Effet des médicaments amaigrissants sur la masse musculaire
Dans les régimes hypocaloriques, environ 10 à 30 % de la perte de poids totale correspond à de la masse maigre (Chaston et al., 2007 ; Hall, 2007). Ce pourcentage reste similaire, quel que soit le degré de perte de poids (Magkos et al., 2016). La masse maigre constitue un indicateur de la masse musculaire, car elle en représente environ la moitié, le reste comprenant les os, les tissus conjonctifs, les organes et l’eau.
Les études portant sur les GLP-1 RA montrent que la perte de masse maigre peut atteindre jusqu’à 45 % après 36 à 72 semaines (Neeland et al., 2024). Il existe un débat sur le fait que cette perte s’accompagne ou non d’une amélioration de la qualité musculaire, notamment en raison de la diminution des triglycérides dans et entre les cellules musculaires.
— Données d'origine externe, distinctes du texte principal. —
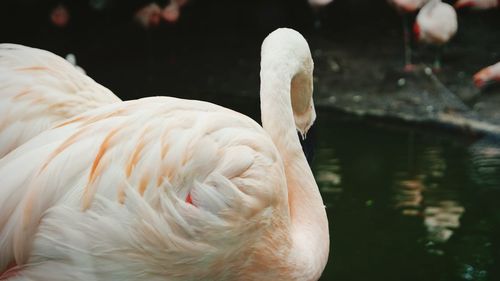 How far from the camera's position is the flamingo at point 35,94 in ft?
8.73

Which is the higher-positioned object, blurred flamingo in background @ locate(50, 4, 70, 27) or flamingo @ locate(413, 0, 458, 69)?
flamingo @ locate(413, 0, 458, 69)

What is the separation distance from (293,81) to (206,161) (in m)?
0.80

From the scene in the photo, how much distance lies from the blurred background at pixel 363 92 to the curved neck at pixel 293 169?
49 centimetres

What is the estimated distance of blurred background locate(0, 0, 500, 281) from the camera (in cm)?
399

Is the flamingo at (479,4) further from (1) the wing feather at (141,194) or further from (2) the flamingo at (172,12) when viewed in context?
(1) the wing feather at (141,194)

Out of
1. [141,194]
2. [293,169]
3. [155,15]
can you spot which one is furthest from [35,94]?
[155,15]

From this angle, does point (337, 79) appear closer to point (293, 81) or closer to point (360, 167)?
point (360, 167)

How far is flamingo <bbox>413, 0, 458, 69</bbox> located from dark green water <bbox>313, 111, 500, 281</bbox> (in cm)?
167

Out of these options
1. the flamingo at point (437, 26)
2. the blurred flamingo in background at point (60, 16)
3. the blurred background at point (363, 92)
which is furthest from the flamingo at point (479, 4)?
the blurred flamingo in background at point (60, 16)

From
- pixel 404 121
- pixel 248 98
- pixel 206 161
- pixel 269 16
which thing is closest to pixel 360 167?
pixel 404 121

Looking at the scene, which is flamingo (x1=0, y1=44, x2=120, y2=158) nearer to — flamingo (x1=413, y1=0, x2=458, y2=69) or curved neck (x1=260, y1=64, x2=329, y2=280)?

Certaines données indiquent que la force musculaire ne diminue pas, mais ces observations doivent être confirmées (Prado et al., 2024).
Les différences individuelles sont cependant importantes : certaines personnes perdent seulement 10 à 25 % de leur masse maigre (Karakasis et al., 2025). La surveillance individuelle de la composition corporelle est donc particulièrement utile.
L’importance de la surveillance de la composition corporelle
Surveiller la composition corporelle lors de l’utilisation de médicaments amincissants permet de comprendre la répartition entre la masse grasse et la masse musculaire, et de déterminer si la perte de poids se déroule de manière saine et souhaitable.
Une surveillance régulière peut inclure des mesures par analyse d’impédance bioélectrique (BIA), qui fournit une image des changements de la masse maigre, de la masse grasse, de la masse musculaire et de la teneur en eau totale, intracellulaire et extracellulaire. Ces informations permettent d’ajuster rapidement et précisément les interventions, si nécessaire. Par exemple, si la perte musculaire dépasse 25 % (au-delà des niveaux observés dans un régime hypocalorique standard), il est possible d’adapter l’alimentation ou le programme d’entraînement — en augmentant l’apport en protéines et/ou en introduisant des exercices de musculation. Ces ajustements augmentent les chances d’une perte de poids durable et d’une meilleure santé globale à long terme.
Comment réduire la perte de masse musculaire lors d’un traitement amincissant?
La réduction de la masse musculaire squelettique liée à la perte de poids est principalement due à une augmentation de la dégradation musculaire plutôt qu’à une diminution de la synthèse protéique musculaire (Neeland et al., 2024). Les stratégies qui stimulent la synthèse des protéines musculaires peuvent donc réduire la proportion de perte de masse provenant du muscle. Parmi ces stratégies figurent une alimentation riche en protéines (1,2–1,6 g/kg/jour) et l’activité physique, en particulier les exercices de résistance (Cava et al., 2017 ; Chavez et al., 2024 ; Mozaffarian et al., 2024). De plus, de nouveaux médicaments sont en cours de développement pour limiter la perte de masse maigre et musculaire (Stefanakis et al., 2024 ; Harper et al., 2025).
Conclusion
Les médicaments amincissants peuvent6 entraîner une perte de masse maigre (y compris musculaire) plus importante que les régimes traditionnels, parfois jusqu’à 45 % du poids perdu. La surveillance de la composition corporelle est donc essentielle pour détecter et corriger rapidement une perte musculaire excessive. Un apport protéique suffisant et la pratique régulière d’exercices de musculation sont fortement recommandés lors de l’utilisation de ces traitements, afin de préserver la masse musculaire et de favoriser une meilleure santé métabolique à long terme.